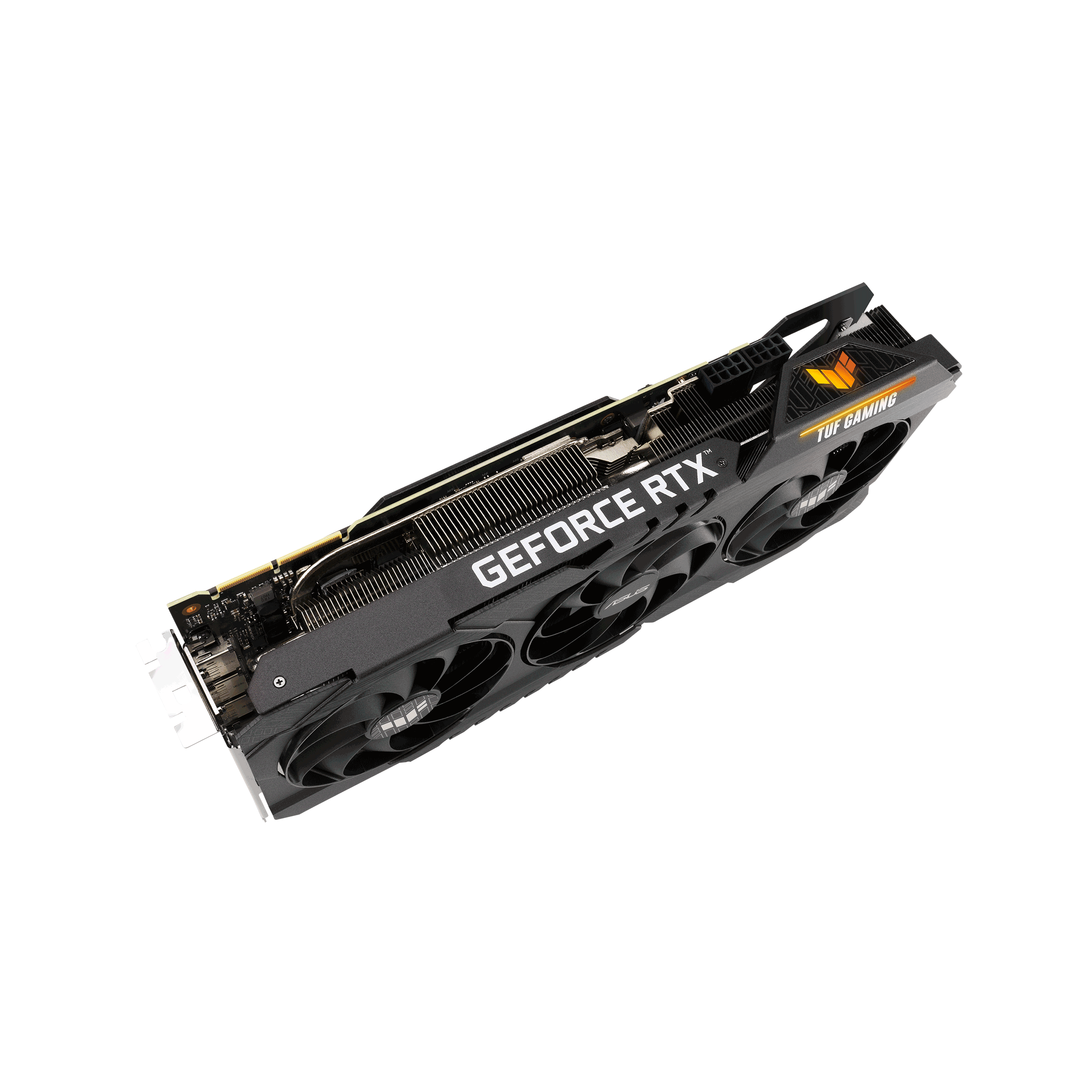 TUF-RTX3090-O24G-GAMING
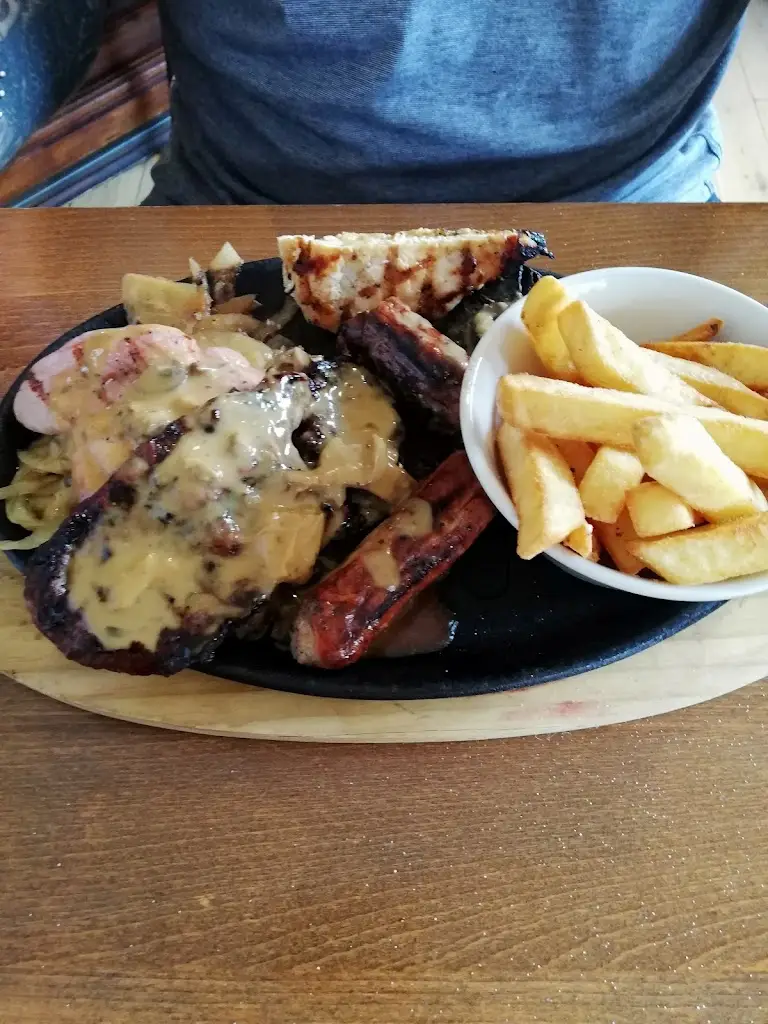 Menu_The Sun_Lofthouse_image_3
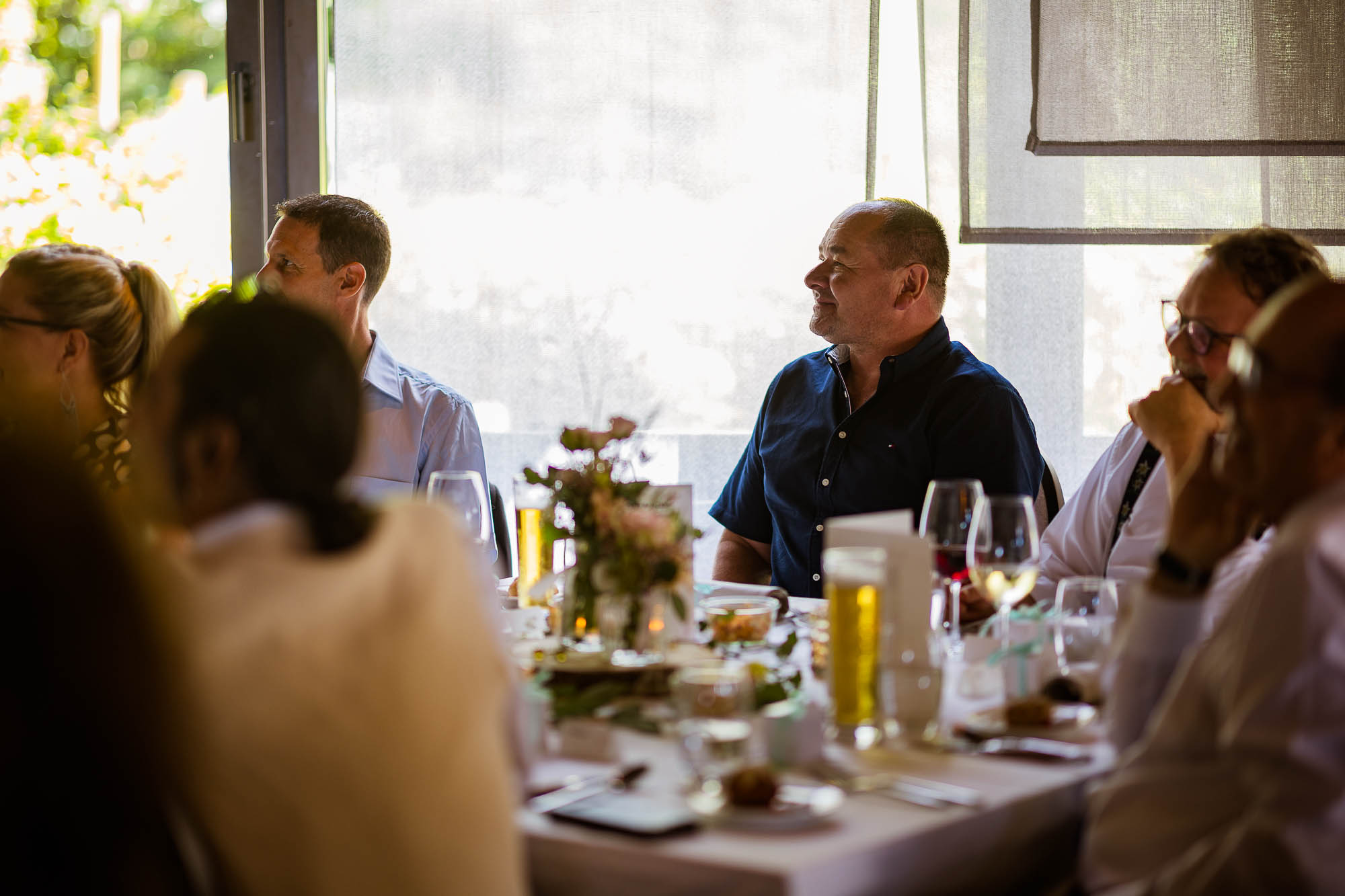 Export x3 R3  8733 acceped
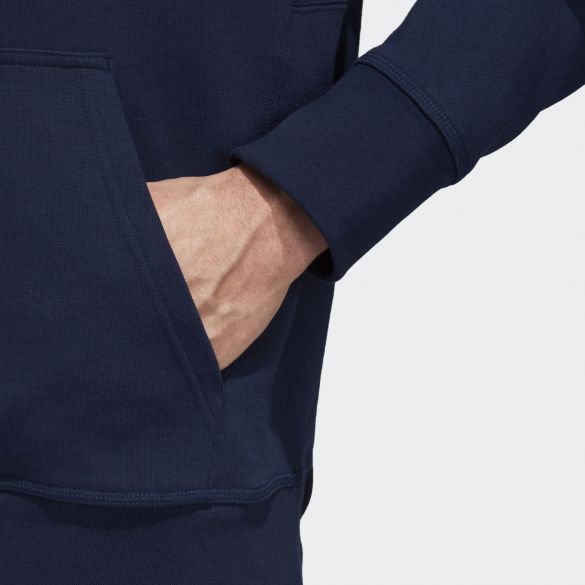 Толстовка Adidas Kaval DH4941_image_7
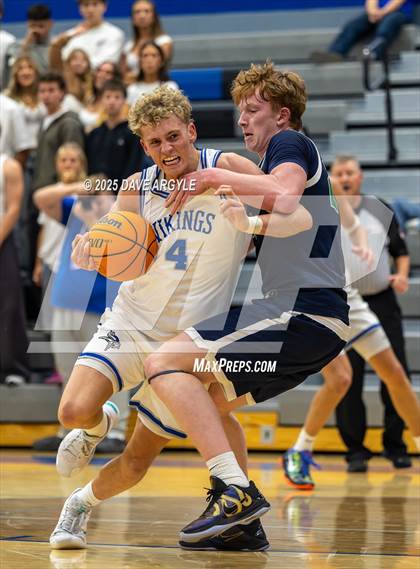 Thumbnail 3 in Syracuse @ Pleasant Grove photogallery.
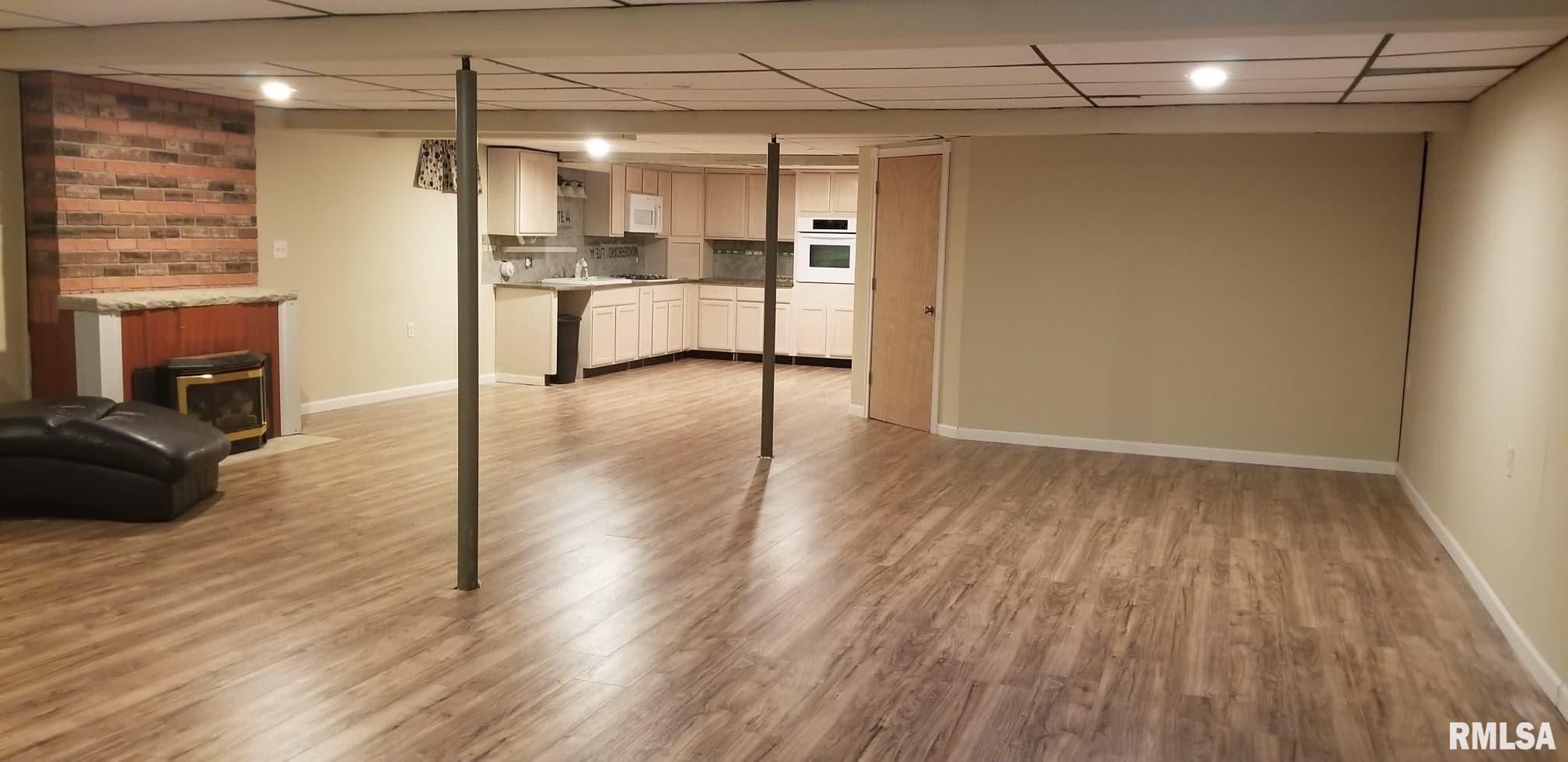 17041 Ebson Road Fulton, IL 61252 - Photo 18 of 20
- - -
To do ▸ Please set down every record exactly as it appears, leaving out the pictures.

Output of the task ▸
 TUF-RTX3090-O24G-GAMING
 Menu_The Sun_Lofthouse_image_3
 Export x3 R3  8733 acceped
 Толстовка Adidas Kaval DH4941_image_7
 Thumbnail 3 in Syracuse @ Pleasant Grove photogallery.
 17041 Ebson Road Fulton, IL 61252 - Photo 18 of 20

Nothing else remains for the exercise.